Bagaimana nanti, apa tidak malu, kalau tidak ada yang melirik tulisannya? Tidak masalah. Yang penting menulis dulu. Atau lebih spesifiknya, baca, rating, komen, tulis; baca, rating, komen, tulis. Bila jumpa dengan yang dirasa cocok ... follow. Begitu terus, sambil putar otak, masak lama-lama tidak ada progres. Ya terlalu lah ...
Saya percaya, pada akhirnya akan ada perbaikan kualitas tulisan. Nah ... disini mungkin nanti baru ada pembaca yang singgah. Rating dan komen oleh para sahabat sesama Kampasianer. Dan dapat label tertentu dari Admin.
Jadi jelas, target saya bukan karir, pangkat, atau jenjang. Tapi, belajar menulis. Hanya saja, memperhatikan perolehan poin tidakkah diharamkan. Karena poin bisa dianggap sebagai raport hasil pembelajaran saya di Kompasiana.
Tadi saya sebutkan pendatang baru pun bisa saja prestasinya cepat meroket. Kalau memang modalnya cukup dan semangatnya tinggi.

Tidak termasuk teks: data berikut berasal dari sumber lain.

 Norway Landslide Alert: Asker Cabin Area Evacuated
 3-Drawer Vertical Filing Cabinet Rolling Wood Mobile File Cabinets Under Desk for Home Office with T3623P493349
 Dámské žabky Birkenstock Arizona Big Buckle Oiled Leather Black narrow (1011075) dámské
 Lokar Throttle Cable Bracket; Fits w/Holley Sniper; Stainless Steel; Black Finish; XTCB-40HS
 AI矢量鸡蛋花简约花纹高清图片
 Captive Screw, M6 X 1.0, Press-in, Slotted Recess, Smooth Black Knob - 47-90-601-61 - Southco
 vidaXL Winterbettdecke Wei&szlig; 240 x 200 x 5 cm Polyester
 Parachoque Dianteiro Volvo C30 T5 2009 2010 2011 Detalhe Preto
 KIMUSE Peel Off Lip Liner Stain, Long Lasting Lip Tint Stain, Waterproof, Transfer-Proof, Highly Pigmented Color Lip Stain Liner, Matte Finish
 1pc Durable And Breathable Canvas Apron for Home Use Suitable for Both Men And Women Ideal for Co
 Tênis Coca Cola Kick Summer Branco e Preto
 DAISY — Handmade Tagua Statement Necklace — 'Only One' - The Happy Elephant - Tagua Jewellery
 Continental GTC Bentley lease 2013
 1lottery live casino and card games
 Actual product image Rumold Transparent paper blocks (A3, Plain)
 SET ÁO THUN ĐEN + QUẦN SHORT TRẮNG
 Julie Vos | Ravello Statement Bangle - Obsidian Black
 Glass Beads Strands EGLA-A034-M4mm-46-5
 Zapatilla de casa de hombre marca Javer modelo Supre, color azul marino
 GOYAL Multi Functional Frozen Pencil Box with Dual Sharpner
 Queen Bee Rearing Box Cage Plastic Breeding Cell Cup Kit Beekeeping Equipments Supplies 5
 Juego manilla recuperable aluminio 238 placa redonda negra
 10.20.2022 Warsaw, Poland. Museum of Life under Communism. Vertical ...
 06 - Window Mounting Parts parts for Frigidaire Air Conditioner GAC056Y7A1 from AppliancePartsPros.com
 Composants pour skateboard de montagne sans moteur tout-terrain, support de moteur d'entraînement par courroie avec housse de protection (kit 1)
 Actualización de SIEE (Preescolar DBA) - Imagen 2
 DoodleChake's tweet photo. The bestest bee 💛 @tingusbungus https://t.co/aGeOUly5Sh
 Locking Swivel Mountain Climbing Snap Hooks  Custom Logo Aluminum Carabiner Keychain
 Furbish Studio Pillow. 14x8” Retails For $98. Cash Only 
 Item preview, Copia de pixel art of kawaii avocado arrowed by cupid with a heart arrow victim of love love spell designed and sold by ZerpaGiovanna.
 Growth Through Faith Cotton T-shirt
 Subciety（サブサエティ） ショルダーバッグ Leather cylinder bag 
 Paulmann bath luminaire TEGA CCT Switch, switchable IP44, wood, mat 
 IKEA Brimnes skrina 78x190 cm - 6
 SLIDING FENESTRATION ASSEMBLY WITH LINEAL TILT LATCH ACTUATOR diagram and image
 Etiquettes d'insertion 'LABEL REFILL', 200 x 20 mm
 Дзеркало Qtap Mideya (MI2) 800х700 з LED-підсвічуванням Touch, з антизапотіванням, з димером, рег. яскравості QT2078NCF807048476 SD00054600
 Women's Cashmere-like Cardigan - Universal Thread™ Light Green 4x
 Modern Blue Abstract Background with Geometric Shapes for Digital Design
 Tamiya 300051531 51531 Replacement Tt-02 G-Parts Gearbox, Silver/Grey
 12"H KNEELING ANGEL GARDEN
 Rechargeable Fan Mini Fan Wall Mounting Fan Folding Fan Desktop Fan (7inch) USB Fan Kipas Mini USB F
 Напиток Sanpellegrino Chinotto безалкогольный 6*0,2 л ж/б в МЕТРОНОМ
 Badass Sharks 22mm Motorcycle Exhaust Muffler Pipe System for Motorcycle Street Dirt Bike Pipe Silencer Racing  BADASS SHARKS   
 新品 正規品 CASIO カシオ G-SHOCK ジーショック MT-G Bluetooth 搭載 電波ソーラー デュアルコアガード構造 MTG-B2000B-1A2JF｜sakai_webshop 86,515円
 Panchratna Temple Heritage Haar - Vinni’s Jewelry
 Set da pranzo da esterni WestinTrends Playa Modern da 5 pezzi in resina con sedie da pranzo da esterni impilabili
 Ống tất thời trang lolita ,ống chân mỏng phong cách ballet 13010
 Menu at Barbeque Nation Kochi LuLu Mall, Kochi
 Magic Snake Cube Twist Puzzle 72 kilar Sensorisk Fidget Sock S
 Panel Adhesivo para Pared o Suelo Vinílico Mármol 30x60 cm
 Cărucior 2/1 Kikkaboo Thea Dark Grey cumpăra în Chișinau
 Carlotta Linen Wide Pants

Contohnya sahabat kita bapak Ludiro Madu. Baru bergabung empat bulan sudah mencapai peringkat Yunior dengan poin lebih dari seribu seratus. Ini link penuturan beliau, "Baru 40 Hari Ketagihan Berkompasiana".
Contoh lainnya sahabat kita bapak Maximus Malaof. Beliau ini malah baru bergabung dua bulan, juga sudah meraih peringkat Yunior dengan perolehan poin juga lebih dari seribu seratus. Lebih jelasnya silakan diklik link ini, "Menulis di Kompasiana Berawal dengan Pesimis Berjalan dengan Optimis".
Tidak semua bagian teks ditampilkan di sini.